La institución militar fue génesis y motor en la cristalización del ideal duartiano, y aunque a lo largo de la accidentada historia nacional los cuerpos armados han sido manchados por el deshonor de una minoría, las Fuerzas Armadas han sido por 164 años celosas guardianes de la soberanía y del gentilicio dominicano.
Puede decirse que los institutos castrenses -y se agrega la Policía Nacional- representan un vital órgano sicomotor del cuerpo social que acarrea al régimen político, garantiza la defensa interior y un orden público basado en el respeto a la Constitución y leyes adjetivas.
Todo lo antes escrito sirve para señalar que la consolidación del espacio democrático está vinculada, entre otros factores, al fortalecimiento de la institución militar, no sólo en términos de apoyo logístico y de capacitación de su personal sino, también, de la solidez de su prestigio y ascendencia ante la sociedad.
Las Fuerzas Armadas no merecen el escarnio público al que, con o sin intención, son sometidas a causa de la inconducta de algunos oficiales, clases y alistados vinculados a acciones criminales, incluido narcotráfico, porque sabido es que el descrédito conlleva para el honor militar a una derrota peor que la que se inflige en una guerra convencional.

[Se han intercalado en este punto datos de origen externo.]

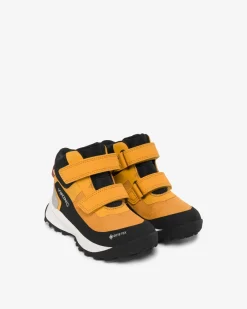 Viking Sneakers|Höstskor / Vårskor><noscript><img width=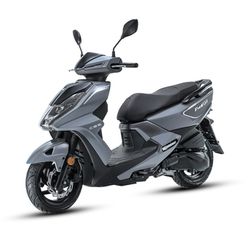 Sym FNX 125 2026 0-thumb-2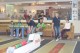 Thumbs/tn_lbt_100_163.jpg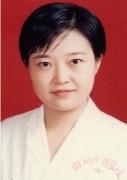 王谊
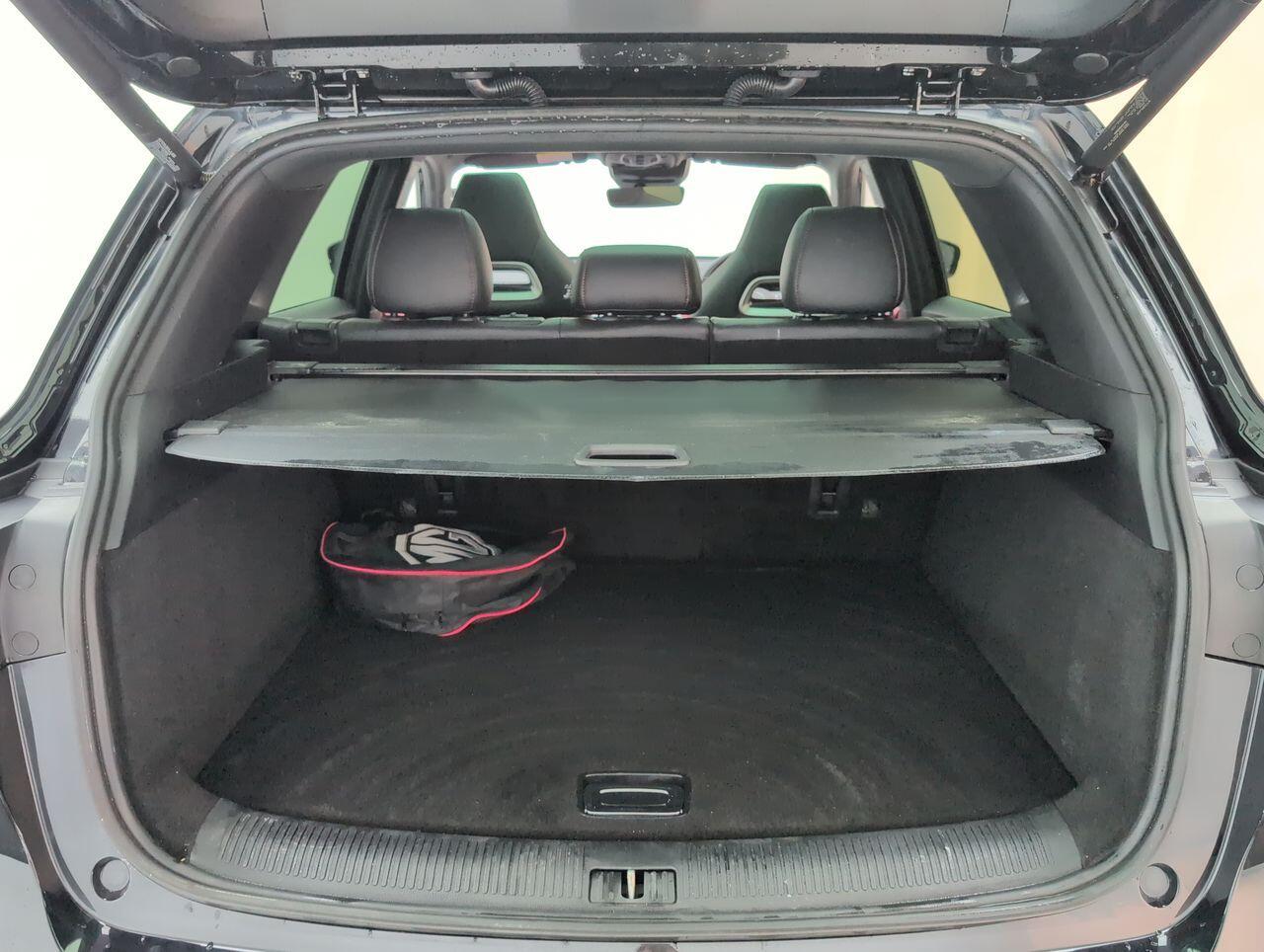 Used MG MG HS 2023 for sale - 76457253: Photo 29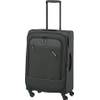 Travelite Derby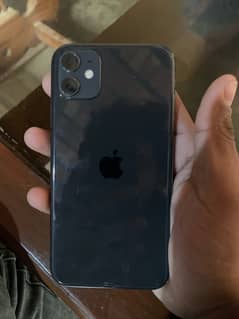 iphone 11 dual pta approved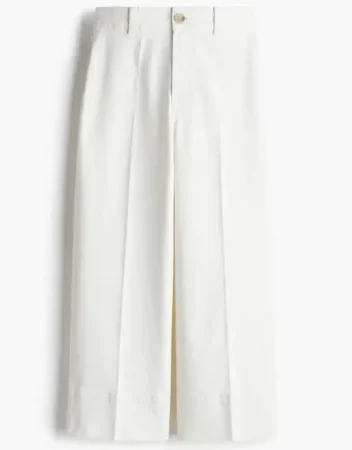 Precio accesible para todos los PocketSpeace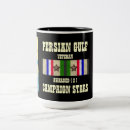 Pesquisar por medalha de bronze Veterano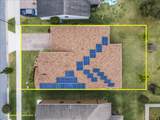 941 Rimini Drive - Photo 44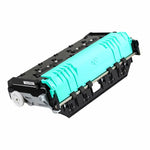 Inner Guide Unit For Canon GM4070 (QM4-7277)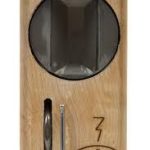 Magic Flight Launch Box - Klon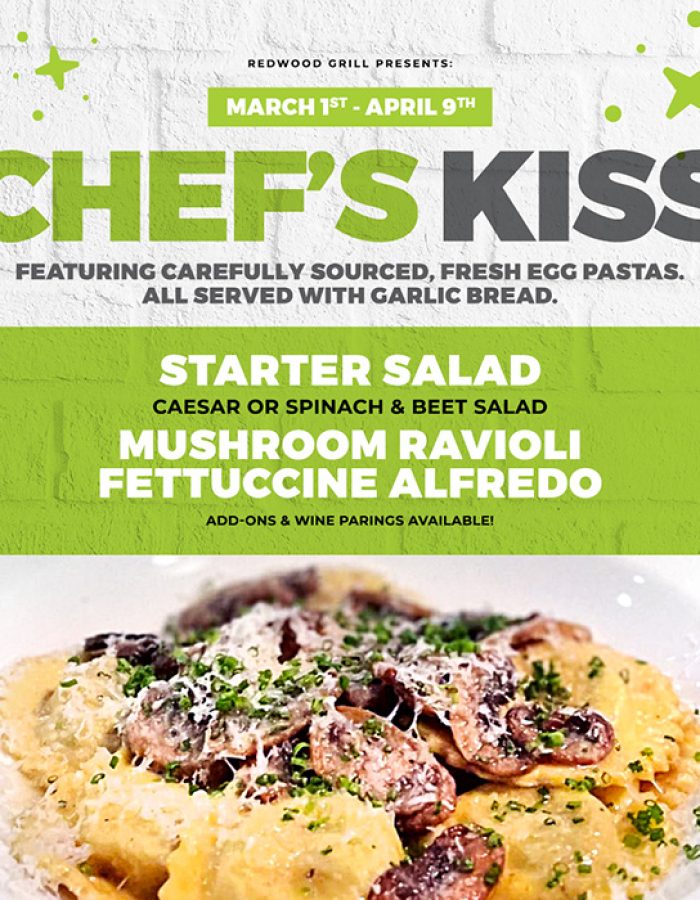 chefs-kiss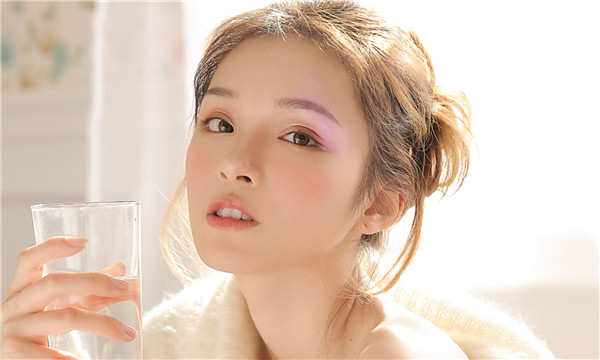五峰借卵试管婴儿多少钱|借卵试管医院哪家好 五峰借卵试管婴儿多少钱|借卵试管医院哪家好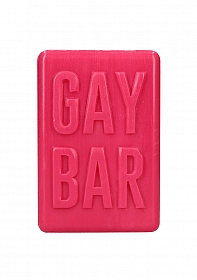 Soap Bar - Gay Bar.. Soap Bar - Gay Bar..
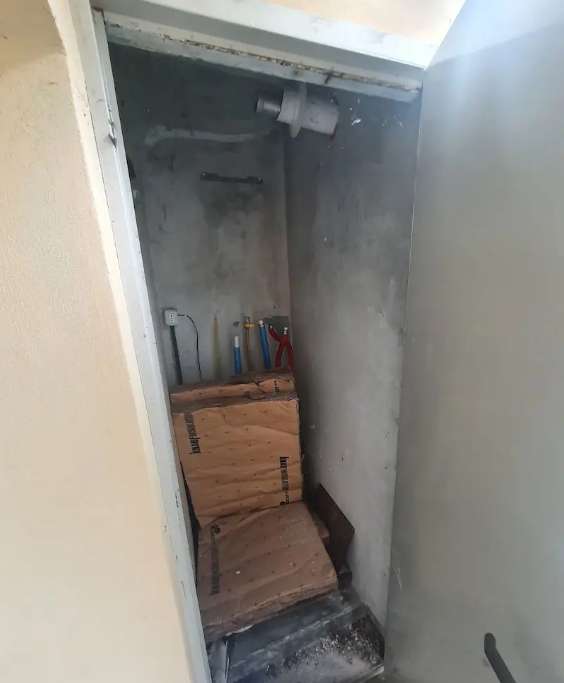  - foto 5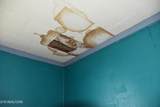 5128 Cove Creek Rd Rd - Photo 32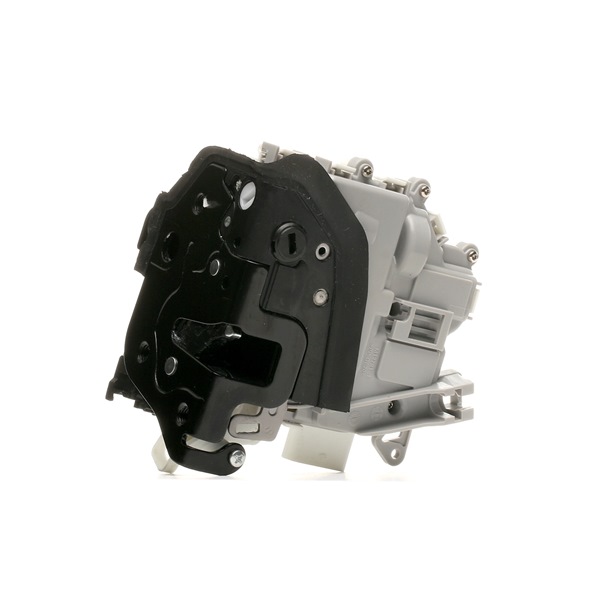 RIDEX 1361D0122 Κλειδαριά πόρτας AUDI Q7 (4LB) 280 PS Βενζίνη κόστος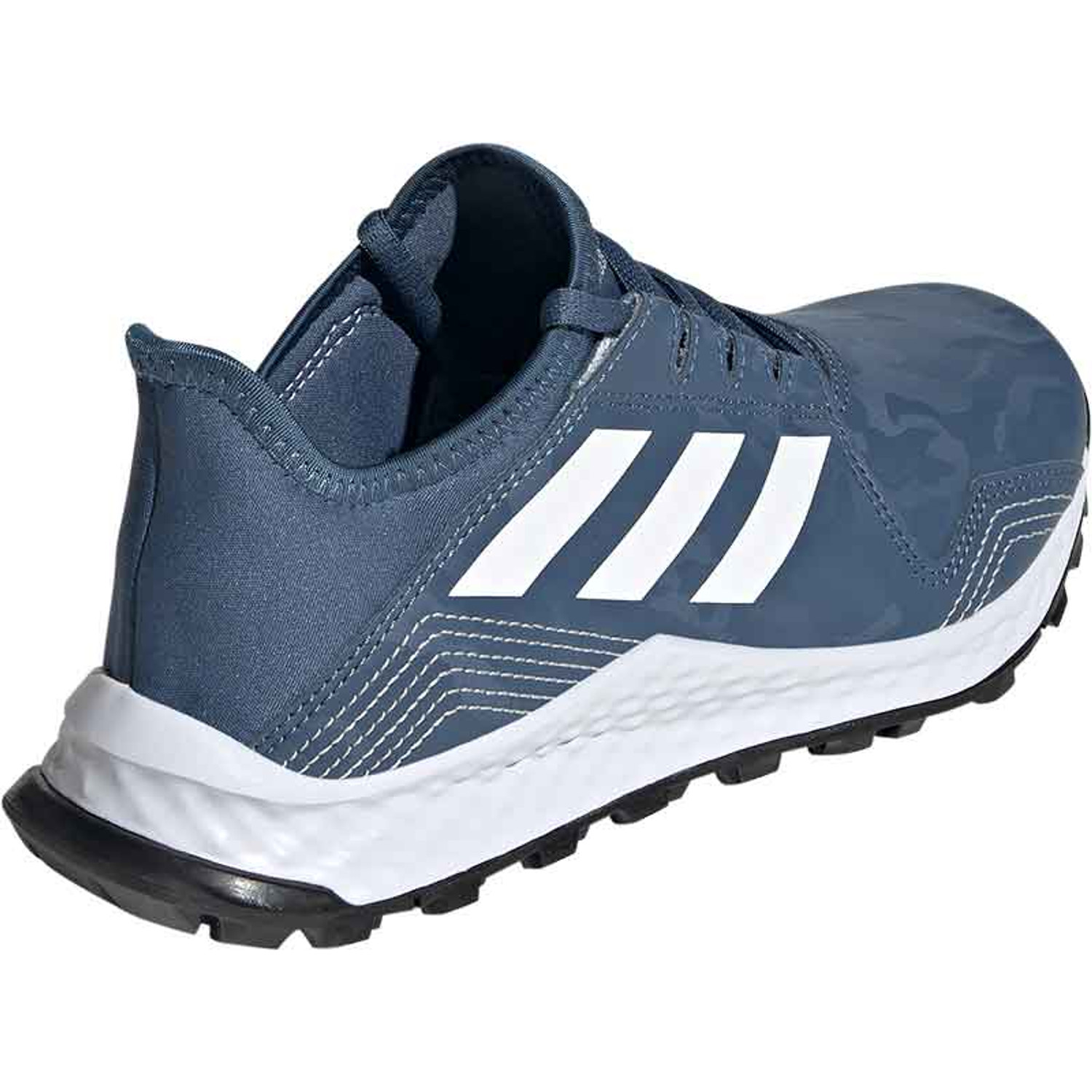 adidas Hockey Youngstar Junior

Al reclamar que se preserve la integridad moral de los cuerpos armados, en ningún modo se sugiere venalidad o connivencia con militares ligados al uso, consumo o tráfico de drogas, quienes deben ser sometidos a los tribunales de la República para que reciban el castigo que merecen por su inconducta.
Es pertinente recordar que el narcotráfico ha logrado permear muchas instituciones nacionales, incluido el trípode de poderes públicos, partidos políticos y torrente financiero nacional, por lo que la atención hacia el militar o policía delincuente ha de ser similar a la que se presta al funcionario, juez, fiscal, periodista, empresario o ciudadano ordinario en iguales circunstancias.
La sociedad dominicana debería reflejarse en el espejo de la reciente historia de Haití, donde sectores internos y externos sometieron a un enfermo Ejército a una intensa campaña de descrédito que sirvió para que un poder imperial decretara su disolución y con él la del endeble Estado haitiano.
En vez de pretender dibujar a una institución militar y policial diezmada por el narcotráfico, buenos y verdaderos dominicanos deberían coadyuvar en la ingente tarea de desinfectar las columnas que sostienen el edificio de la soberanía nacional y que son garantes del orden público y los derechos ciudadanos.
En Haití la trágica historia comenzó con las mismas escenas teatrales que se escenifican aquí, por lo que es menester advertir contra la repetición de una farsa que procura quizás para las Fuerzas Armadas dominicanas la misma suerte que corrió el Ejército haitiano. Y entonces, al menos en ese aspecto, la isla sería una e indivisible.